Varoluşçu temalar, ilk olarak Budist ve Hristiyan yazılarında (St. Augustine ve St.Thomas Aquinas’ın eserleri dahil) görülür. 17. yüz yılda Blaise Pascal, bir Tanrı olmadan yaşamın anlamsız, sıkıcı ve sefil olacağını ileri sürdü; ancak Varoluşçulara göre Pascal bunları bir Tanrı’nın varlığının bir nedeni olarak görüyordu. Yakın çağdaşı John Locke, bireysel özerklik ve kendi kaderini tayin hakkını savunurken, Varoluşçu bir tecrübeye tepki vermek yerine, Liberalizmi ve Bireyciliği pozitif bir şekilde takip etmeyi savundu.

Varoluşçuluk 19. yüz yılda yaşayan Danimarkalı filozof Soren Kierkegaard, ve ardından Alman filozofları Friedrich Nietzsche, Martin Heidegger, Karl Jaspers, Edmund Husserl ve Rus Fyodor Dostoevsky gibi yazarlardan etkilenmiştir. Çekyalı Franz Kafka da bu akımı etkileyen yazarlardandır. Georg Wilhelm Friedrich Hegel ve Arthur Schopenhauer’in Varoluşçuluk akımının gelişiminde de önemli etkileri olduğu düşünülür.

Kierkegaard ve Nietzsche, daha önceki Pascal gibi, insanların yaşamın anlamsızlığı ve gizlilikten kurtulmak için”normal dışı” alanın kullanımıyla ilgileniyordu. Bununla birlikte, Pascal’ın aksine, tercih yapan kişinin niteliğini ve kimliğini değiştirme girişiminde, temel değerler ve inançlar konusunda özgür seçimler yapma rolünü ele alıyorlardı. Kierkegaard’ın dünyasında, bu mesele, 1843 tarihli "Korku ve Titreme" adlı eserinde anlatıldığı gibi, kendine ve Tanrı’ya tam bir inanç getiren “iman şövalyesi” durumu ile sonuçlanır. Nietzsche açısındansa, “Böyle Buyurdu Zerdüşt” ve “İyi ve Kötünün Ötesinde” adlı kitaplarında, Hristiyanlığın “öteki dünyalılığına” başvurmadan, pek de iyi niyetli olmayan “Übermensch” (Üstün İnsan) üstünlüğünü ve aşkınlığına ulaşır.

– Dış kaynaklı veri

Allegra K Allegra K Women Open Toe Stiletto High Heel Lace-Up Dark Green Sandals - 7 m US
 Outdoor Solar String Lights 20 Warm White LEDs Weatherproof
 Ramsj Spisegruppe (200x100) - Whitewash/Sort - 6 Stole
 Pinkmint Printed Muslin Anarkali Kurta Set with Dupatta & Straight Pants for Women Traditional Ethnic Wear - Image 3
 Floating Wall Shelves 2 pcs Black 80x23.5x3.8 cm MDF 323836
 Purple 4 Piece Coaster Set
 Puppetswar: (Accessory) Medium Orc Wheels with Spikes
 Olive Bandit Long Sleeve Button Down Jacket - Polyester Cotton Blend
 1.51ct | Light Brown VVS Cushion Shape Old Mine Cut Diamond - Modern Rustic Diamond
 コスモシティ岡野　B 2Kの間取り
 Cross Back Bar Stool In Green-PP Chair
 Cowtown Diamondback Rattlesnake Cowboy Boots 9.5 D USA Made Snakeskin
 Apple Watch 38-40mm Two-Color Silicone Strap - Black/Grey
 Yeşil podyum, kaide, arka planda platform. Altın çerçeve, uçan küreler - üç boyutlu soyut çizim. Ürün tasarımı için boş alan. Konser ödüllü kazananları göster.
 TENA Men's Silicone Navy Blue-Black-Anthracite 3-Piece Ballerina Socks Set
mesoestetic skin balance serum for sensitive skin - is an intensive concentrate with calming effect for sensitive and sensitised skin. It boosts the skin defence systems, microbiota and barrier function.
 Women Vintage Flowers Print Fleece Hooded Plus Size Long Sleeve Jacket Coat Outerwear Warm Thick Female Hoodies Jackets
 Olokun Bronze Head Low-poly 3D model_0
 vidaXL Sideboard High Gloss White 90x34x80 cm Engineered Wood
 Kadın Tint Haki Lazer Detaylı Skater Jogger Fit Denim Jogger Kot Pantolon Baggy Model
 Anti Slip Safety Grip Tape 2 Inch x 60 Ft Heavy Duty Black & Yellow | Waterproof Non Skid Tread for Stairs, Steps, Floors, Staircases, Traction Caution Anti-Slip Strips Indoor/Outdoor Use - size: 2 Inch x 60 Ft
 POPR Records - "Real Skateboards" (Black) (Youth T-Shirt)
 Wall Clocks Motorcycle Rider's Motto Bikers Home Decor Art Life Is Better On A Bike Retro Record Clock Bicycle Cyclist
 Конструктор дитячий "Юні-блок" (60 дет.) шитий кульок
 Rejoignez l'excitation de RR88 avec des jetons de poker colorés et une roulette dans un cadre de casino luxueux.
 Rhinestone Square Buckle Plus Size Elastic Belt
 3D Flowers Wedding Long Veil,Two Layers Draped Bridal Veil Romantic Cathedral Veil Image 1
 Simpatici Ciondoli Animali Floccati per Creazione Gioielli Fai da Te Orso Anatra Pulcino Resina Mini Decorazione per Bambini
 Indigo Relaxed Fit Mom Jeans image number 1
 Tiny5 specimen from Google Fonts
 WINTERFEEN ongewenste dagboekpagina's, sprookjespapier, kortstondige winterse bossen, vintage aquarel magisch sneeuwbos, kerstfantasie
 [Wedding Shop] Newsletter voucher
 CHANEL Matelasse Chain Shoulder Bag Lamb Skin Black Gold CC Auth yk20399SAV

Martin Heidegger, bu akımın önemli bir erken dönem filozofuydu; özellikle 1927 tarihli “Varlık ve Zaman” adlı eseri önemlidir; ancak Sartre bu eseri bir varoluşçu olarak şiddetle reddetmiştir. Varoluşçuluk 20. yüz yıl ortalarında, Fransız Varoluşçular Jean-Paul Sartre, Albert Camus ve Simone de Beauvoir arasındaki bilimsel ve kurgusal çalışmalarla iyice olgunlaştı. Maurice Merleau-Ponty, dönemin Fransız Varoluşçuları arasında etkili ve çoğu kez gözden kaçan bir diğer düşünce insanıydı.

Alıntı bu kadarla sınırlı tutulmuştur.